Mark Neuman, global trade adviser for MGF Sourcing, said speed was the US fashion retailing sector’s “religion”.
Gail Strickler, from the office of the US trade representatives, believed sub-Saharan African countries needed to integrate to create a valuable supply chain.
Agoa gives eligible countries across Africa duty-free trade access to the US market. Over the years, apparel has become one of the top exports under Agoa.
Lesotho ranks tops in southern Africa in terms of volumes and quality of jeans and shirts supplied.
US representatives said African countries that worked together could set up a full supply chain that would create long-term investments and job creation out of the 10-year Agoa agreements.
“Agoa is an opportunity and not a guarantee. While still addressing infrastructural and legislative issues, countries need to work together. To overcome the time-to-market speed element, SA can focus on things that are not time sensitive,” said Ms Whitaker.
Supply chain inefficiencies and slow lead times are often cited in South Africa’s inability to better service the US apparel market.
Yet experts are adamant there is a gap for local manufacturers as China cannot keep up with the demand from the US millennial generation, so apparel has to come from other sustainable sources.
Ms Whitaker said rising labour costs in China meant US firms were looking to source apparel from price-competitive and low-cost platforms, and some African governments offered workable environments for textile manufacturers.
She said sourcing from Africa avoided the “brand-damaging reputational issues” of sweatshops and child trafficking associated with Asia. “This makes the Africa apparel brand appealing to the emerging US consumer generation.”
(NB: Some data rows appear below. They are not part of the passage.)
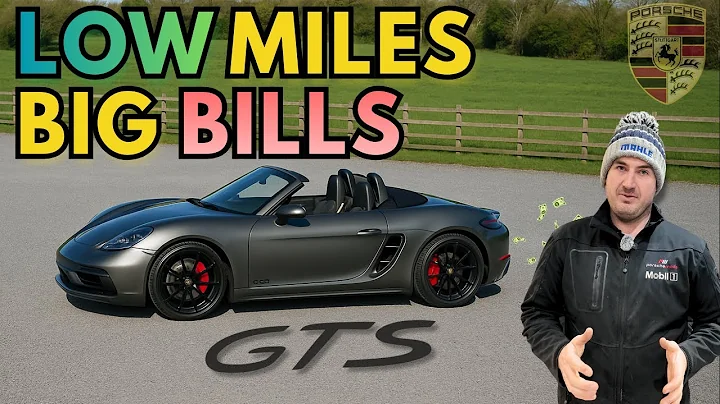 Why This 10,000 Mile Porsche GTS Is Falling Apart (Full Specialist Breakdown)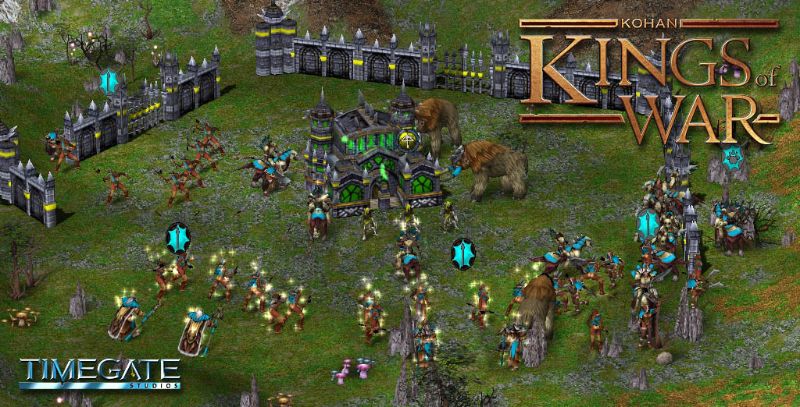 Kohan 2: Kings of War - screenshot 56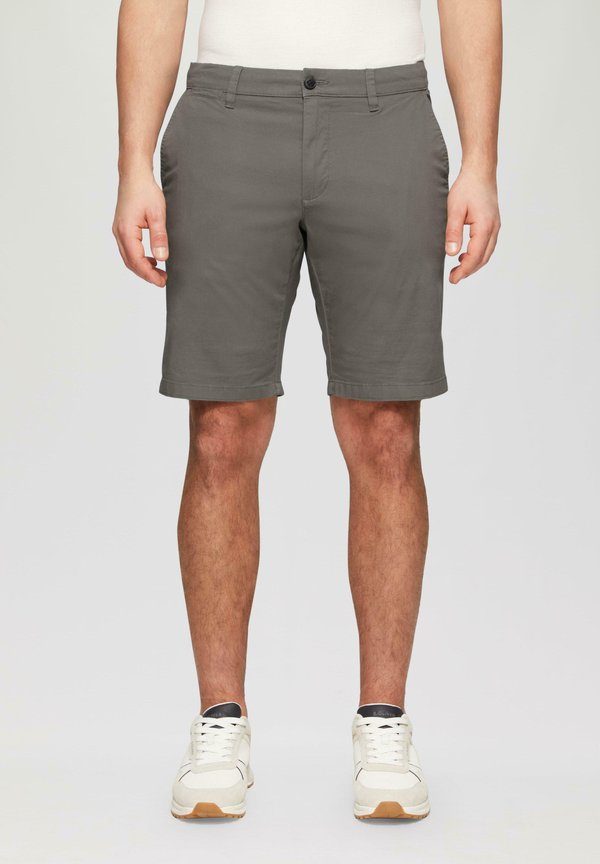 STRETCH - Shorts - grau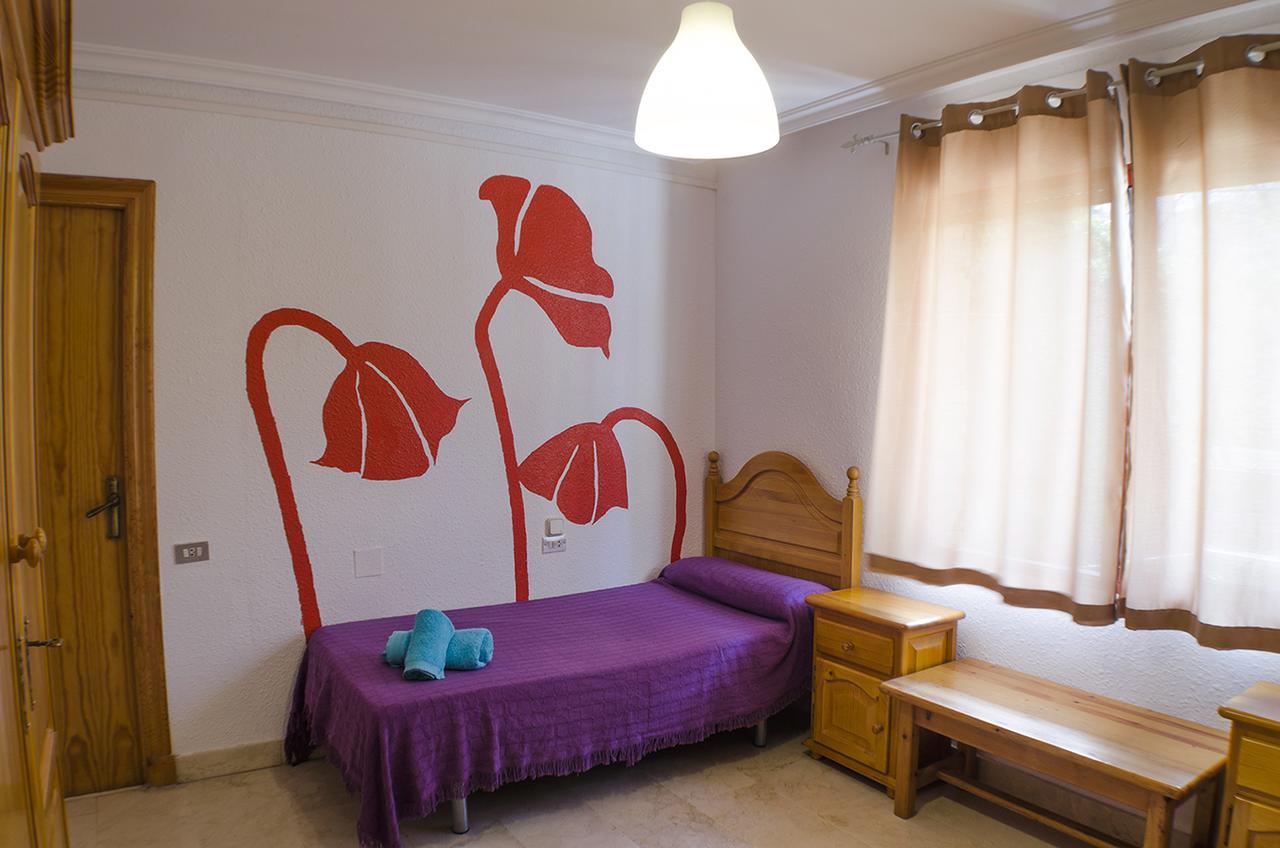 Hostal Los Calatravos Alcañiz 外观 照片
But Johann Baard, executive director at Apparel Manufactures of South Africa, said that given SA’s socioeconomic realities, the industry could not be obsessed with speed and align its supply chains to meet US standards for apparel demand. “We are more concerned about job-rich industrialisation that is sustainable.”
Economic Development Minister Ebrahim Patel said the sector was only beginning to reap the benefits of government interventions (such as the Clothing and Textile Competitiveness Improvement Programme introduced in 2010) to insulate the industry against the influx of Chinese imports.
“The industry is beginning to see an increase in jobs. It is still in a fragile but stable state.”
Mr Baard, however, urged caution over job creation statistics, noting that not all clothing manufacture operations were compliant with the minimum service and wages that are negotiated with unions and statutory bodies.
“Yes, there has been a growth in jobs but it has been outside the metro urban areas where factories employ people in poverty-ridden areas and pay them a third to a quarter of the regulatory wage.”
Mr Baard said this had led to wage-compliant factories retrenching workers and business eventually rerouting to noncompliant factories. “There is no sustainable imperative to have an industry growing in one area at the expense of other areas … the reality is that the retailer will support companies where they can get good returns from.”